Most recently, Boccelli was chosen to participate in the Trans-disciplinary Research Leadership Program, sponsored by UC’s Office of Research. The academic year-long program provides an elite group of promising, future leaders at UC with trans-disciplinary team research leadership development training. The program will equip participants with a deeper knowledge of and skills for practical mentoring and collaborative research project development across disciplines. At the end of the year, program participants will be expected to deliver an actionable proposal to begin or expand collaborative research. Boccelli’s commitment to this project begins Fall 2017.

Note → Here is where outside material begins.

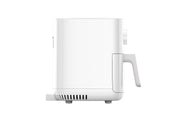 Xiaomi 小米 BHR8235GB 4.5L 智能空氣炸鍋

Boccelli earned his BS degrees in chemistry and environmental engineering from Rensselaer Polytechnic Institute in 1993 and 1994, respectively. He received his MS in environmental engineering from UC in 1999, and his PhD in environmental engineering from Carnegie Mellon University in 2003.

 

About the C.V. Theis Groundwater Observatory

The Charles Vernon “C.V.” Theis Groundwater Observatory (formerly the Great Miami Ground-water Observatory) was envisioned and propelled to fruition by UC Emeriti faculty member David Nash, of A&S. Nash led the creation of project descriptions and diagrams; engaged in nearly every presentation pitched to prospective donors; developed and proposed the C.V. Theis naming request; and personally oversaw on-site construction, ensuring that the operation and every detail stayed to true to the Observatory’s vision and mission.

Nash describes, “The Observatory serves three main purposes: 1) Foster sound stewardship and conservation education efforts to promote the understanding of the essential importance vulnerability of our regional groundwater resources; 2) Promote research on the movement of water and contaminants between the surface water and groundwater systems; and 3) Provide real-time data on groundwater flow and quality to regional Public Water Systems.”

The Observatory’s namesake, Charles Vernon “C.V.” Theis, is one of the most distinguished figures in the history of groundwater hydrology research. Theis developed the “Theis Method,” a globally recognized, widely used procedure for determining the fundamental properties of groundwater aquifers. A product of both the UC College of Engineering and Applied Science (MS Civil Engineering ’22) and the McMicken College of Arts & Sciences (PhD Geology ’29), “Theis befittingly symbolizes the benefits of synergistic cooperation among various disciplines.”

The Duke Energy Foundation and the Miami Conservatory District each generously donated $140K and $60K, respectively, to fund the C.V. Groundwater Observatory. The Great Parks of Hamilton County donated the land on which the observatory is located to support the researchers’ efforts. The Observatory also received generous support from project donors including the UC Office of the Provost, UC Office of Research, UC Office of Planning + Design + Construction, Terracon Consultants, Inc., THP Limited Inc., The Kleingers Group, Scherzinger Drilling Co., and All-Rite Ready Mix.